Compliquée et charismatique, la réfugiée juive-allemande était à deux doigts d’atteindre la célébrité lorsqu’elle est décédée en 1970, à seulement 34 ans

Eva Hesse en 1963 (Crédit photo : Barbara Brown/Zeitgeist Films)
Eva Hesse en 1963 (Crédit photo : Barbara Brown/Zeitgeist Films)

Au cours de la seconde partie des années 1960, l’artiste Eva Hesse a créé des sculptures à partir de ce qui était alors de nouveaux matériaux comme le latex, les plastiques et la fibre de verre. Elle savait qu’ils avaient une forte probabilité de se désintégrer au fil du temps, mais cela ne l’a pas arrêtée pour autant.

Elle a forgé, en avance sur son temps, aidant à ouvrir la voie au post-minimalisme avec ses créations excentriques, absurdes et répétitives qui se sont dégagées des lignes droites et rigides et des arêtes vives du minimalisme. Elle a plongé, formé et moulé les matériaux pour créer des œuvres qui étaient très personnelles et « à la limite de l’incontrôlable », comme un critique l’a dit.

« La vie ne dure pas. L’art ne dure pas. Il n’a pas d’importance », avait déclaré Hesse.

Hesse avait raison sur les deux tiers de cette déclaration. Elle est morte peu de temps après d’une tumeur au cerveau à 34 ans, en 1970. Et comme on pouvait s’y attendre, une partie de son travail a eu des difficultés à résister à l’usure du temps.

Cependant, Hesse avait tort de dire : « Il n’a pas d’importance ». Elle et son art restent très influents, 46 ans après sa mort. Des rétrospectives de son travail sont encore mises en place, et ses dessins, peintures et sculptures continuent à faire partie des programmes étudiés par les étudiants en art du monde entier.

La réalisatrice Marcie Begleiter a découvert Hesse quand elle était elle-même étudiante aux beaux-arts. Aujourd’hui, après s’être plongée dans des recherches approfondies sur Hesse pendant dix ans, Begleiter a réalisé un film-documentaire présentant Hesse à des publics allant bien au-delà des écoles d’art et des musées.

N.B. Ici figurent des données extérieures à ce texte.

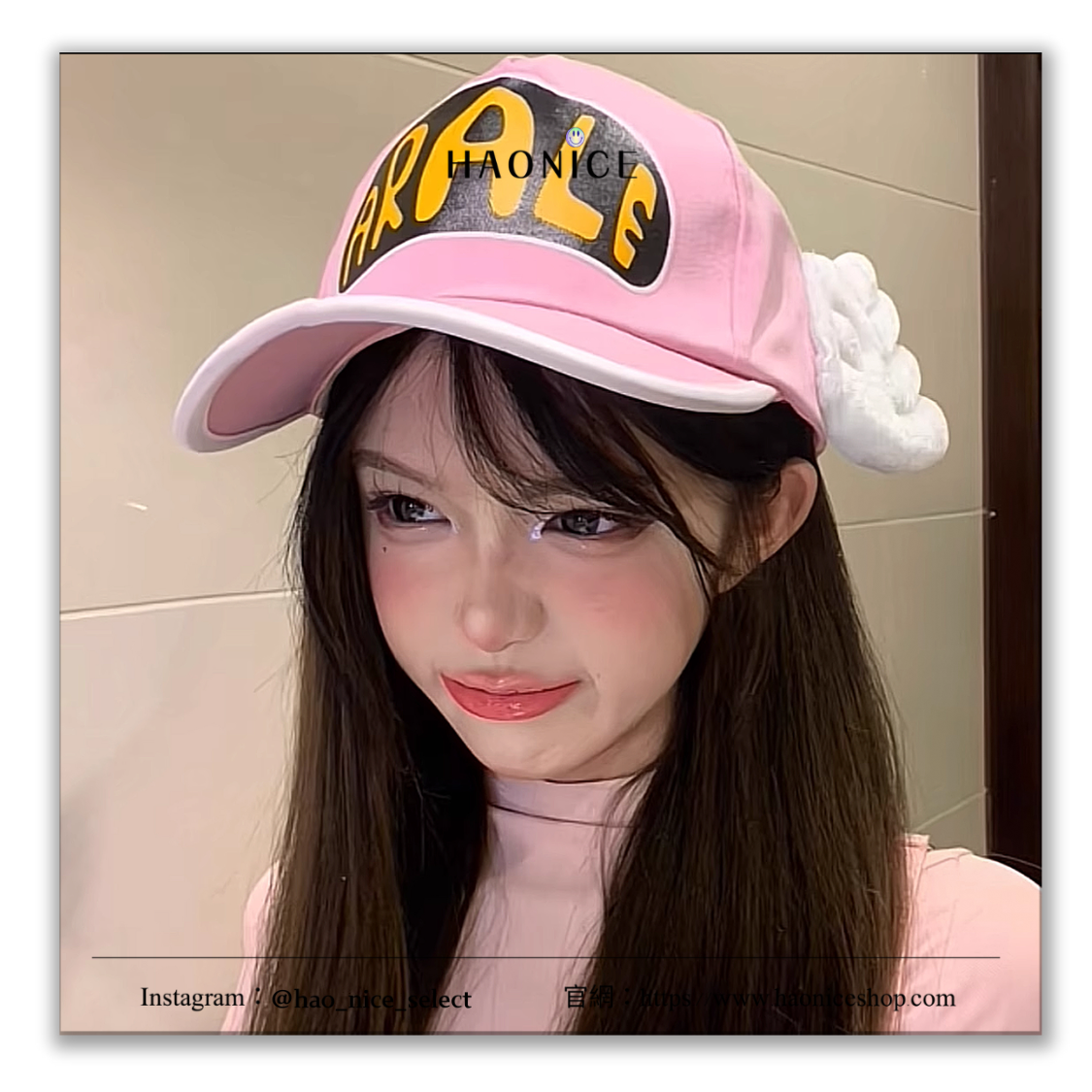 【HAO NICE】童年記憶👸阿拉蕾 機器娃娃  經典美式復古 天使翅膀 鴨舌帽 棒球帽 大頭帽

« Eva Hesse », qui ouvre à New York cette semaine, est à la fois une biographie captivante d’une artiste psychologiquement complexe à deux doigts de la célébrité, et un tutoriel sur la création artistique à New-York dans les années 1960.

Hesse était une réfugiée juive allemande qui est arrivée aux États-Unis avec ses parents et sa sœur aînée, Helen, à la fin de l’été 1939, juste avant le déclenchement de la Seconde Guerre mondiale.

En décembre 1938, Hesse, qui avait seulement deux ans à l’époque, et sa sœur ont été séparées de leurs parents pendant six mois après avoir été envoyées par sécurité sur un Kindertransport (opération humanitaire menée par la Grande-Bretagne ayant accueilli près de 10 000 enfants principalement juifs) de Hambourg en Hollande.

La famille a été réunie et est passée par le Royaume-Uni avant d’atterrir dans la communauté juive allemande Washington Heights de Manhattan. Bien qu’ils s’en soient sortis, la famille élargie s’est retrouvée piégée en Allemagne et tous les grands-parents de Hesse ont été tués par les nazis.

La tragédie a continué quand la mère de Hesse s’est suicidée en 1946 en sautant du toit d’un immeuble de l’Upper West Side de Manhattan. Elle souffrait de dépression et avait pris ses distances avec sa famille deux ans plus tôt.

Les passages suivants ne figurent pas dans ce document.